• Work request
For the data below, retype word for word the lines from the one containing "PARANTA Metal 4-Layer" through the one containing "Isadora Elise Olive"; drop the pictures.

• Material for this exercise
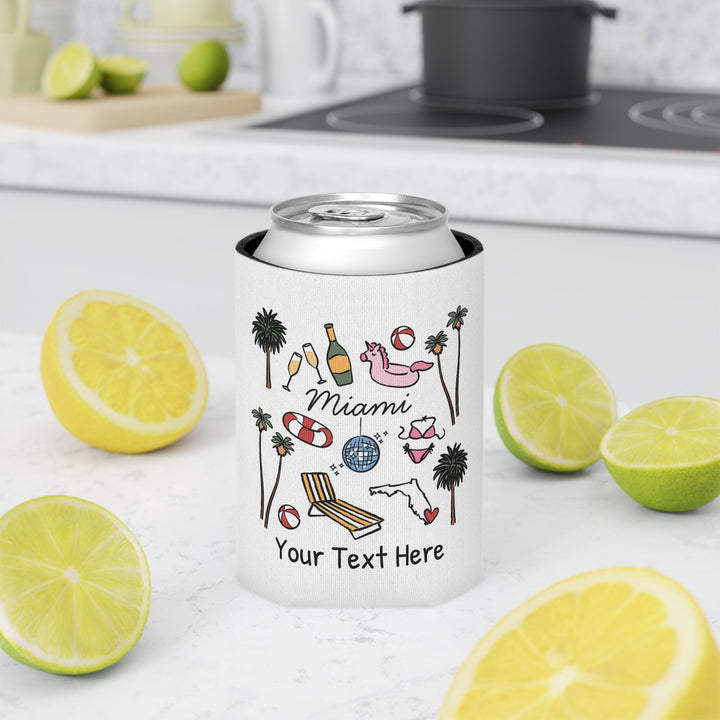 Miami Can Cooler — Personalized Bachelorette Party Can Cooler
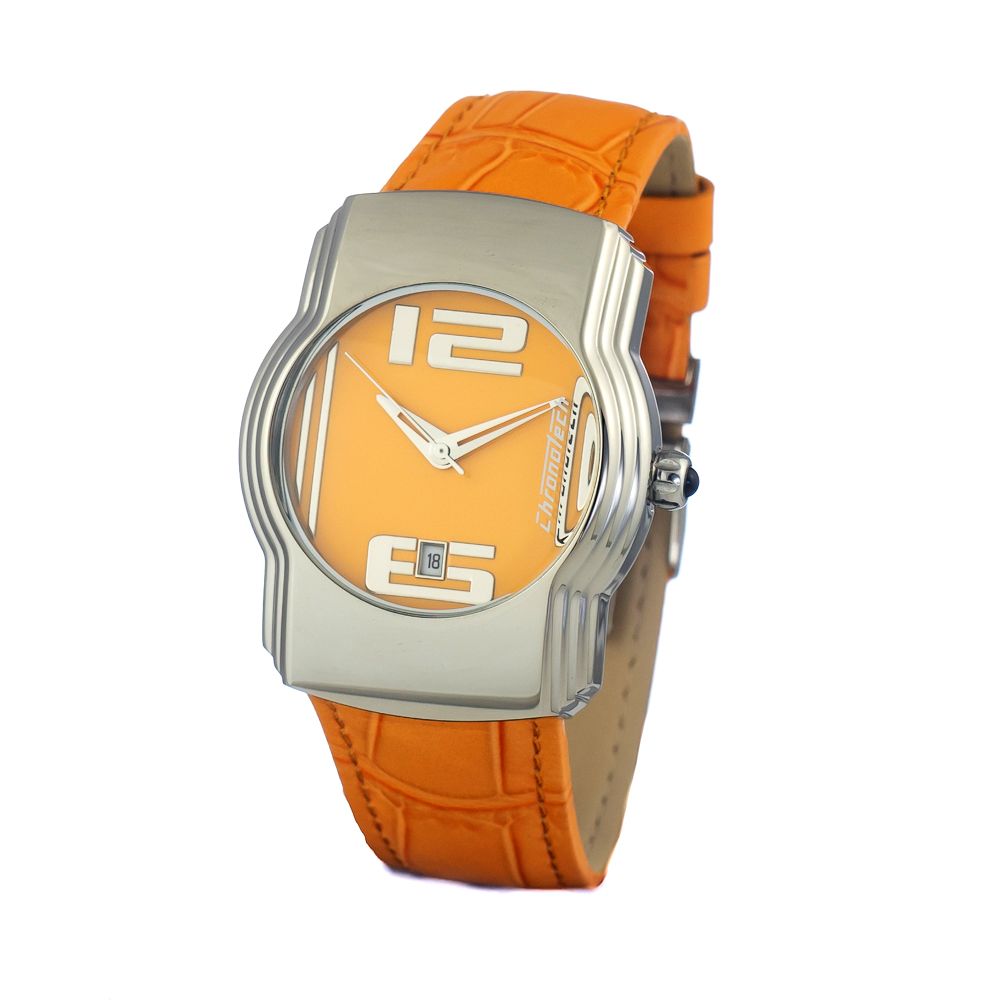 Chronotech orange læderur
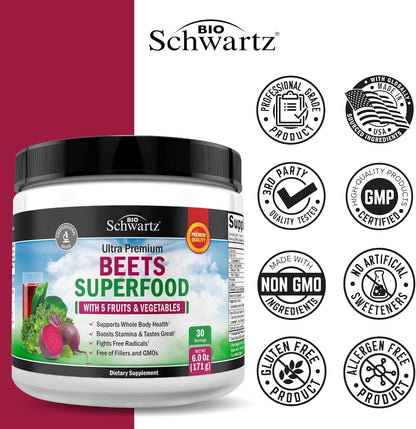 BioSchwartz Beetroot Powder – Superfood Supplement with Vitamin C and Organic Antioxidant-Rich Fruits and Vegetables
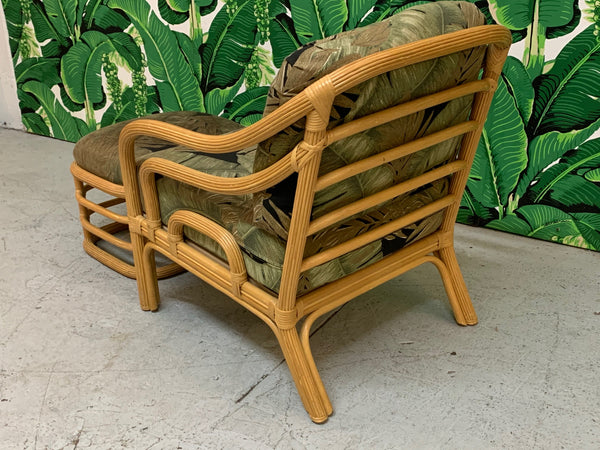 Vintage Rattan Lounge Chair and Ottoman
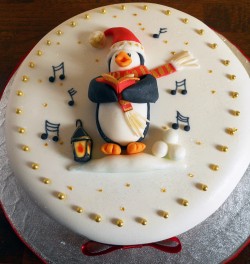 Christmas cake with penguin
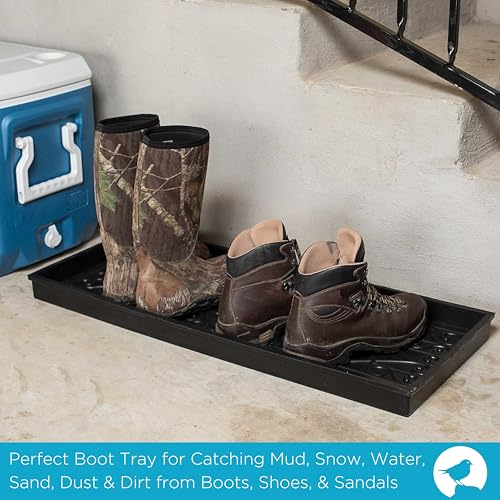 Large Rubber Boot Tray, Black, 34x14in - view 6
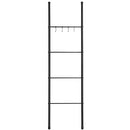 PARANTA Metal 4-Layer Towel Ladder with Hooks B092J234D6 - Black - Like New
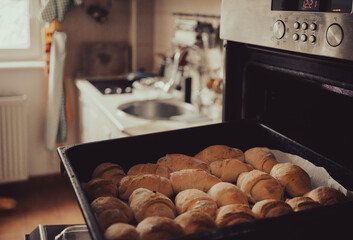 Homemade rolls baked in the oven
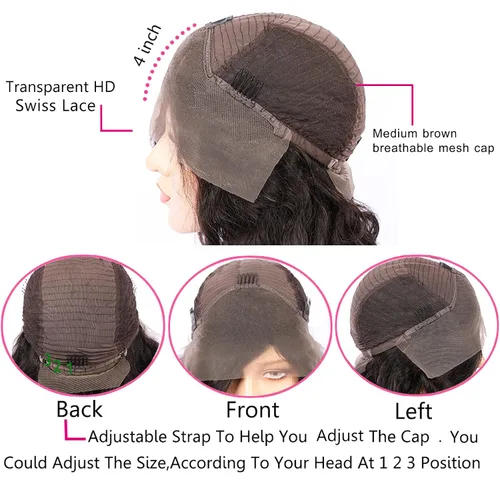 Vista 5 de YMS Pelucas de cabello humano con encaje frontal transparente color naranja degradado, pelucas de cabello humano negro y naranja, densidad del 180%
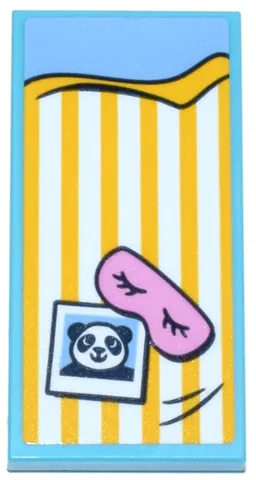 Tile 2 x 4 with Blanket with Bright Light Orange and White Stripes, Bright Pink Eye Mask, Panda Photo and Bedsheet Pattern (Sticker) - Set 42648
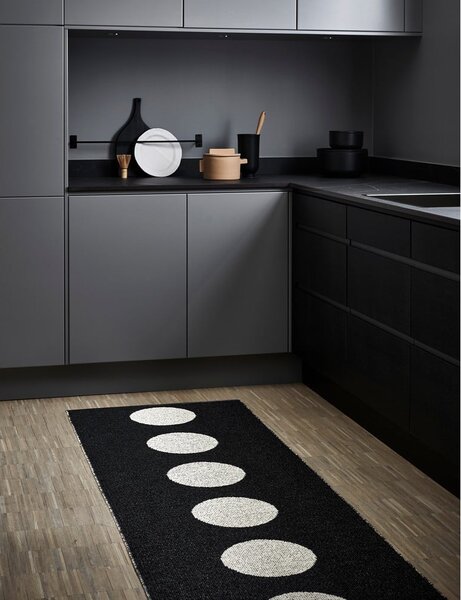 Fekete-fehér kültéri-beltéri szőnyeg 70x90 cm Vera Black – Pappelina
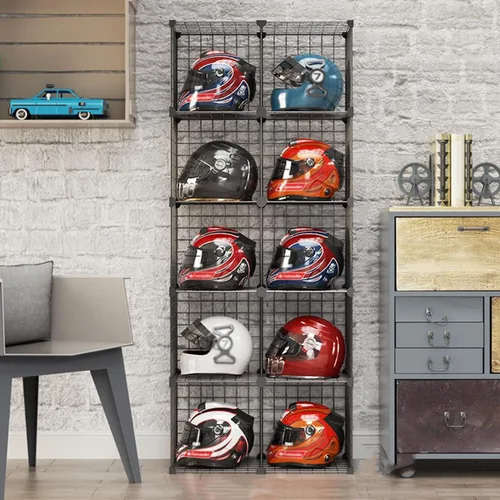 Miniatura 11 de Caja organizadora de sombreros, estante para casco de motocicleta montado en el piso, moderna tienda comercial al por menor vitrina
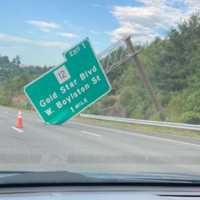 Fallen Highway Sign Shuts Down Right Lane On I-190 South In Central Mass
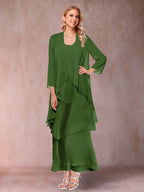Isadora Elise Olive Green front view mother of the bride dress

* * *

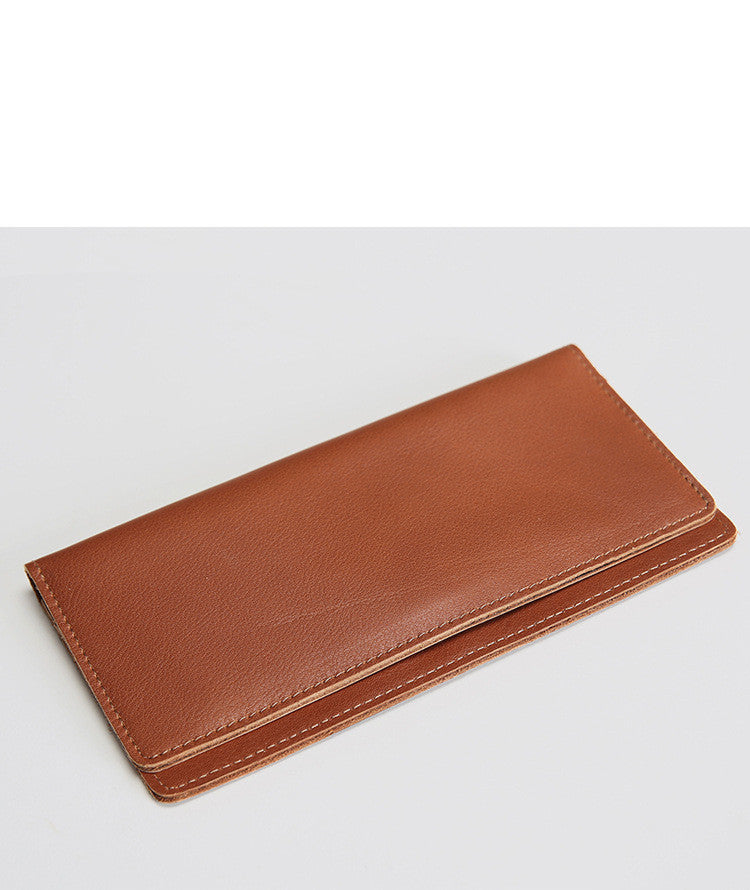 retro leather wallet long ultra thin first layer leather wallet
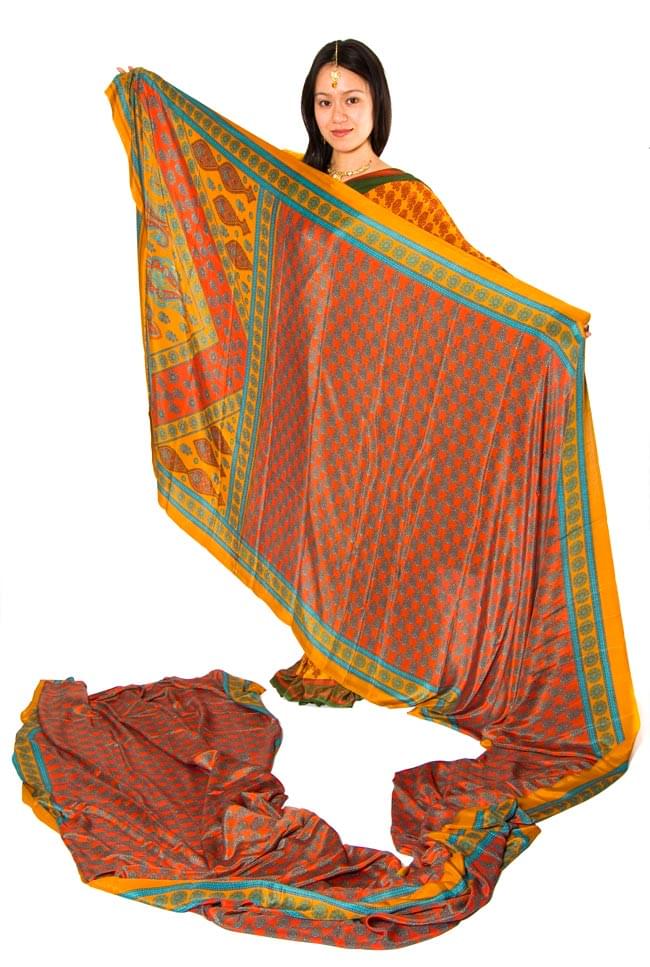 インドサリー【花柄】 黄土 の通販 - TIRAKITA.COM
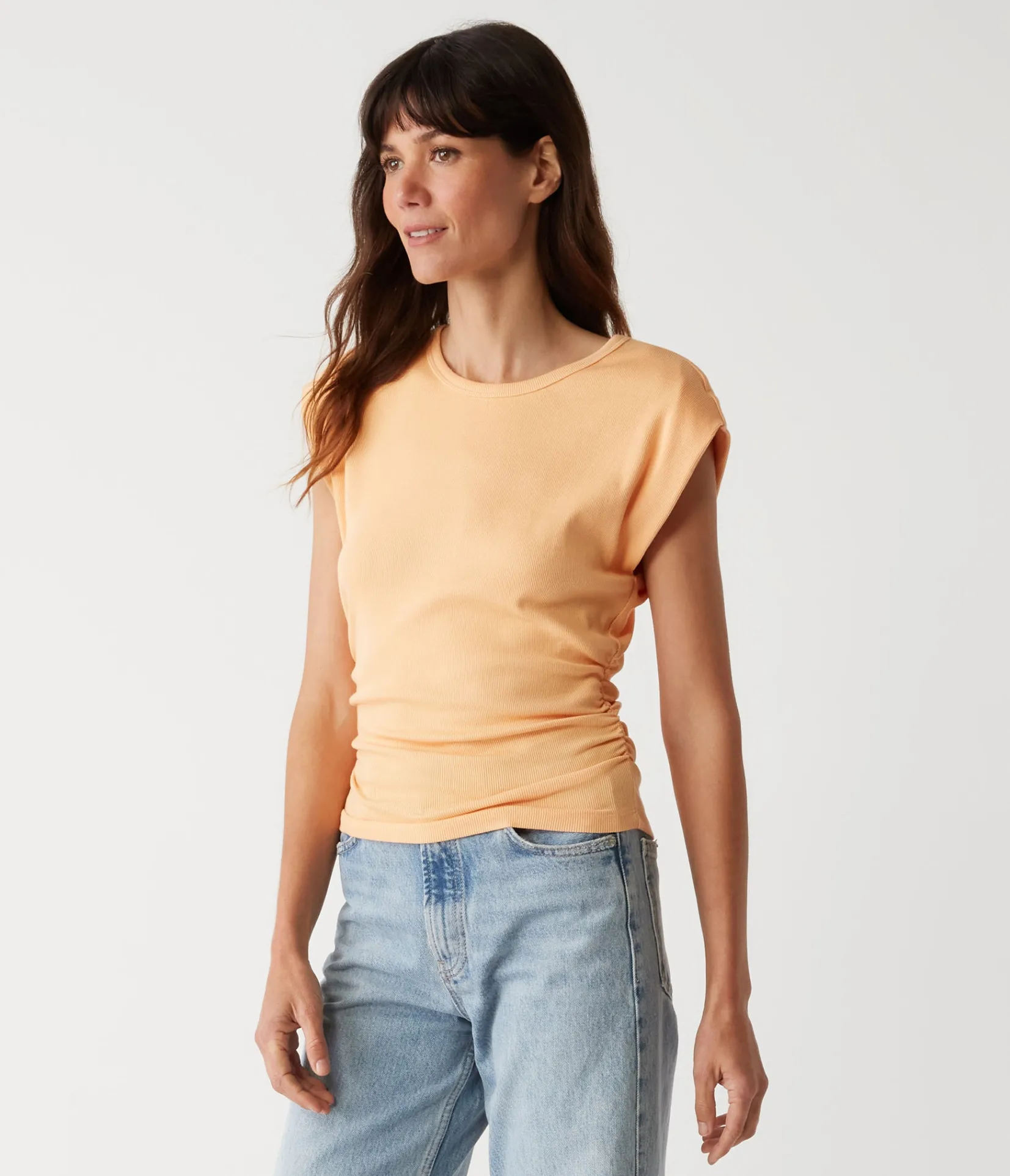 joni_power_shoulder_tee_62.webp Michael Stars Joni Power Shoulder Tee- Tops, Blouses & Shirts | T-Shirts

* * *

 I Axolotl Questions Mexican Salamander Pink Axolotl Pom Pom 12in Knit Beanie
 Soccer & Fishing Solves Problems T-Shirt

• Exercise output
 PARANTA Metal 4-Layer Towel Ladder with Hooks B092J234D6 - Black - Like New
 Homemade rolls baked in the oven
 Vista 5 de YMS Pelucas de cabello humano con encaje frontal transparente color naranja degradado, pelucas de cabello humano negro y naranja, densidad del 180%
 Tile 2 x 4 with Blanket with Bright Light Orange and White Stripes, Bright Pink Eye Mask, Panda Photo and Bedsheet Pattern (Sticker) - Set 42648
 Fekete-fehér kültéri-beltéri szőnyeg 70x90 cm Vera Black – Pappelina
 Miniatura 11 de Caja organizadora de sombreros, estante para casco de motocicleta montado en el piso, moderna tienda comercial al por menor vitrina
 Fallen Highway Sign Shuts Down Right Lane On I-190 South In Central Mass
Isadora Elise Olive Green front view mother of the bride dress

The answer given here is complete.